Florence: “If I could give one piece of advice it is to listen to yourself and always do what is best for you and your baby! Do not lose heart. Shut your ears to those few people with malicious words and have confidence in yourself! If you have a problem I recommend the website Leche League and if you need to talk to someone you can call a lactation consultant, the website has a list of them for every region. For the mothers who want to stop breastfeeding, I advise them to do so gradually, if possible of course!”
Eve: “Do not hesitate to ask for advice from the people around you; I had a lot of messages from my Instagram followers and many of them helped me regain back my self-confidence and desire to continue breastfeeding.
The best moments from your breastfeeding experience?
Ombeline: “The best was probably our first night together at the maternity centre. Blanche was in my bed for breastfeeding and I was so scared of crushing her that I lay far away from her and she used all of her energy to drag herself towards me.

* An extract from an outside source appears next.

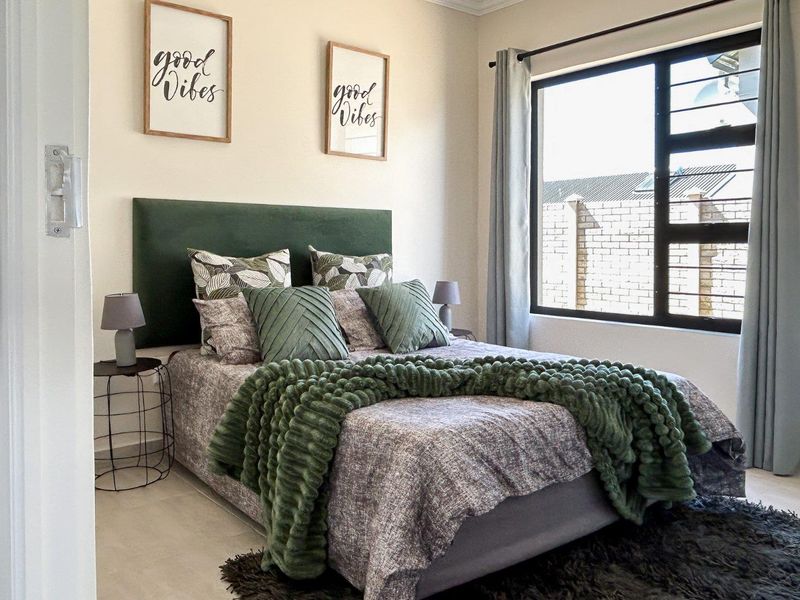 A well-maintained bedroom featuring neutral tiled flooring and a large aluminium-framed window providing natural light.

At that moment I realised that I was a mother and she would always need me.”
Anne-Sophie: “Around 5/6 months, when things are established, your breasts no longer swell up because there is no longer an increase in milk production, when they have found their “normal size” – the things are at their best. You have the advantages without the disadvantages. And when the baby is growing up, it can ask for milk itself and I can also tell it no, not now, and it understands me. The relationship becomes truly bilateral. It creates a very strong bond. And the father has no less an important place important role in the story just because he does not give out a baby’s bottle! The most beautiful moments are without a doubt in the evenings when breastfeeding, or at night, when you are in a quiet place, half asleep, just you two. Also the moments in bed in the morning… I love breastfeeding because it is simple, natural and easy. Without any fuss. Sweet. Life as I want it.”
Eve: “Our favourite time is in the morning with my baby because it is our first contact of the day, a quiet moment, just before the crazy day and all the noise that three children can make! A way of saying, hello, good day my baby!”
Florence: “Every moment of my breastfeeding is so magical!”